The logic underneath is a structural demand shift. Tech Insights data projects data-center flash demand jumping from 295 EB in 2025 to 1,807 EB in 2028 — a 46% CAGR — with AI inference driving 86% of the incremental volume.
In plain terms = the flash market is moving from "sell more phones, earn more; sell fewer, lose money" to "AI servers keep buying." Stable revenue is what gives Kioxia the confidence to promise rising dividends.
332 layers instead of 400+ — why stack less?
Gen.10 BiCS FLASH uses a 332-layer, 1Tb TLC design. Samples ship this summer; volume ramp follows.
Versus the prior generation: bit density up 59%, read power efficiency improved over 40%, write throughput up over 30%.
Some rivals are pushing past 400 layers.

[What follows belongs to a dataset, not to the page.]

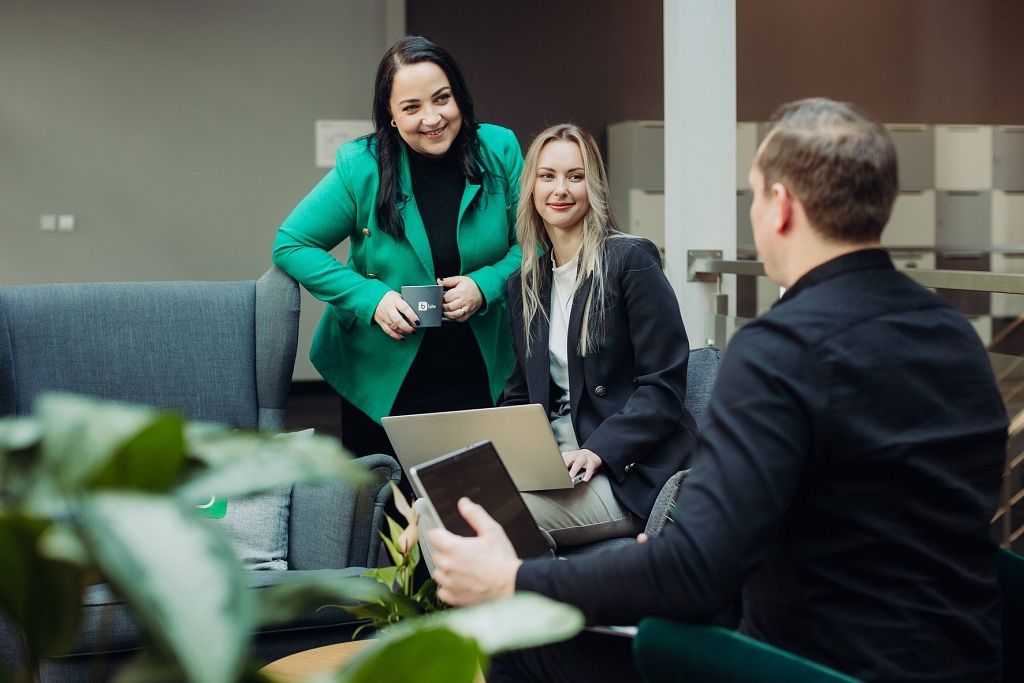 “Bite Latvija”: Latvijas uzņēmumi strauji digitalizējas – līderos tirdzniecība, ražošana un izglītība :: Dienas Bizness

Kioxia's own analysis shows 332 layers cost roughly 23% less per GB, use about 10% less power, and deliver roughly 35% higher cell reliability.
This reflects a strategy that is not about stacking the highest — it is about finding the best trade-off across cost, power, and reliability. Layer count is the means; total cost per GB is the goal.

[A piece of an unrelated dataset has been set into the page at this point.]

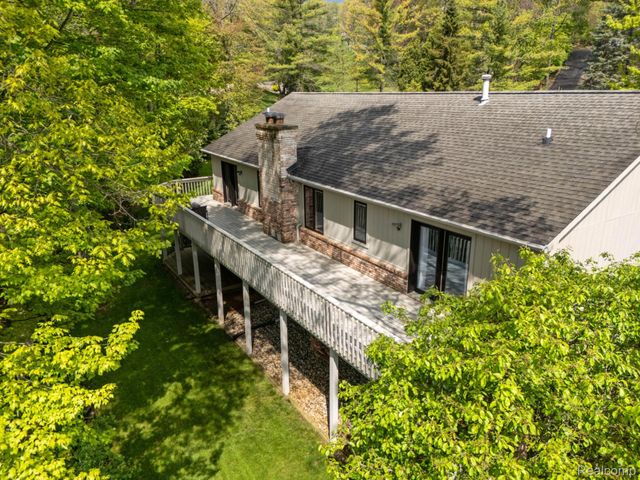 2484 PINE HOLLOW Trail, Brighton Township, MI 48114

CBA technology leads by four years — what does that mean?
CBA — CMOS Bonded Array, a process that fabricates logic and memory arrays separately, then bonds them face-to-face — is already in commercial use. Kioxia claims a roughly four-year lead over U.S. and Korean peers.
By 2029, Kioxia expects to reach 4.8 Gbps interface speed, while other major players remain at 3.6 Gbps.

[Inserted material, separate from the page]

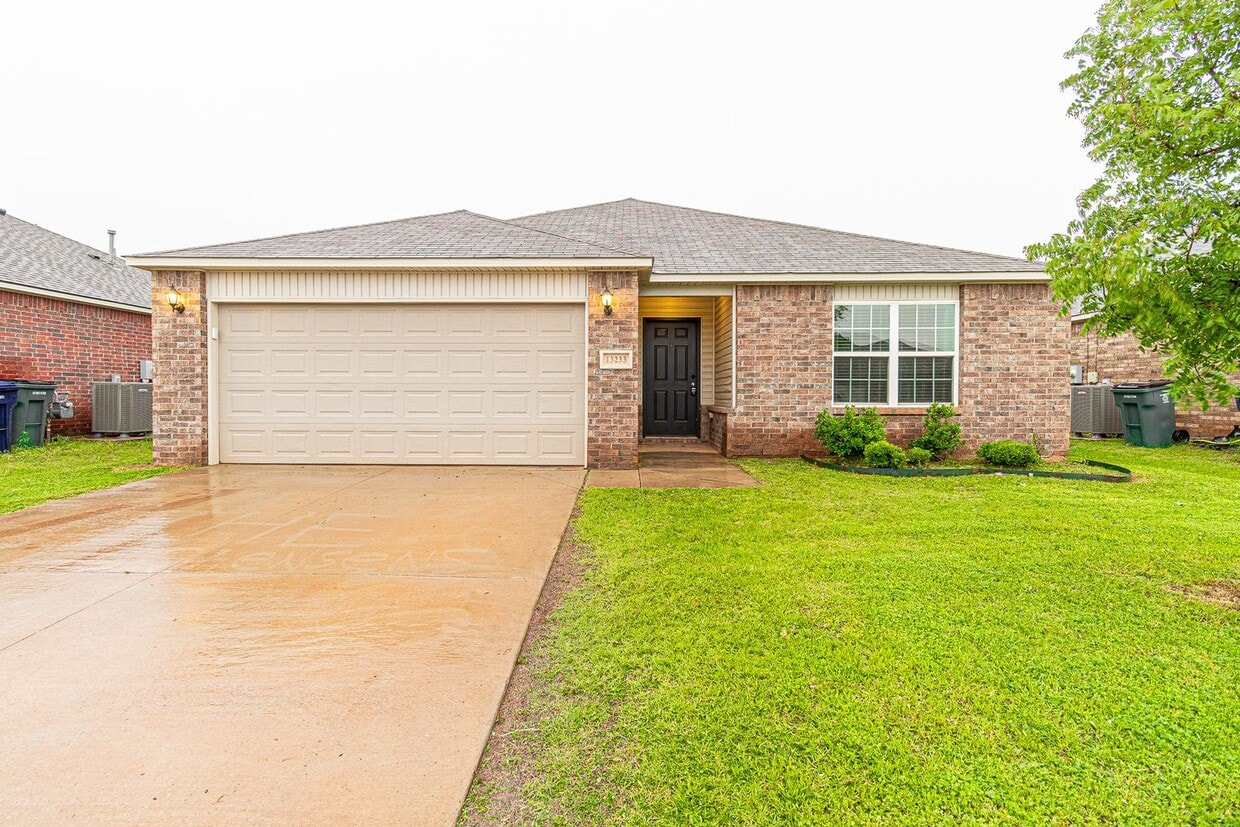 Primary Photo - 3 bedroom, 2 bath home in Colony Pointe ne...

This means → a 33% speed gap at the interface level translates directly into how fast data moves during AI inference. At scale, that gap compounds into system-level advantages in both performance and power.
Where does ¥470 billion a year go?
Planned capex averages roughly ¥470 billion per year from FY26 to FY28, a sharp step-up from FY25. Annual R&D budget rises to about ¥23 billion, up roughly 63% from FY25.
Capex priorities: Gen.10 volume ramp, next-generation process infrastructure, and back-end process upgrades. R&D focuses on Gen.10/Gen.11 development, ultra-high-IOPS SSDs, and OCTRAM — a new memory device class.
The company set an investment discipline: every capex decision must clear a hurdle rate above its weighted-average cost of capital (WACC). Trailing-twelve-month ROIC has already risen to 31%, up from 18% in FY25.
In plain terms = spending is large but gated — every major investment must prove it can earn more than the cost of the capital behind it. This is not "spend because we can."
What does Kioxia's AI product lineup look like?
For AI inference workloads, Kioxia has built three SSD product lines: CM series (high bandwidth, targeting KV-cache), GP series (ultra-high IOPS with XL-Flash, compatible with NVIDIA Storage-Next), and LC series (high capacity, up to 245 TB, already in mass production).
The CEO said Kioxia is shifting from consumer-cycle dependence to stable growth led by AI infrastructure. Multi-year long-term agreements (LTAs) will improve revenue visibility.
This reflects a clear transformation target: push data-center revenue above 60% of total by FY28, lock in income with long-term contracts, and dampen the boom-bust earnings swings that have defined the flash industry.
Can the balance sheet support all of this?
The CFO disclosed a target to raise the equity ratio from the current ~38% to above 50%, while maintaining ample liquidity.
Kioxia reached a net cash position in FY26 Q1 — meaning cash exceeds debt — and guided Q1 operating margin at 74%.
Per Bloomberg, Kioxia's stock price has risen more than 30× over the past year.
This means → cash on hand, an extremely high margin, and a stock that has already re-rated sharply — that is the financial foundation allowing Kioxia to launch dividends, expand capacity, and boost R&D all at once.
Content is for reference only, not financial advice.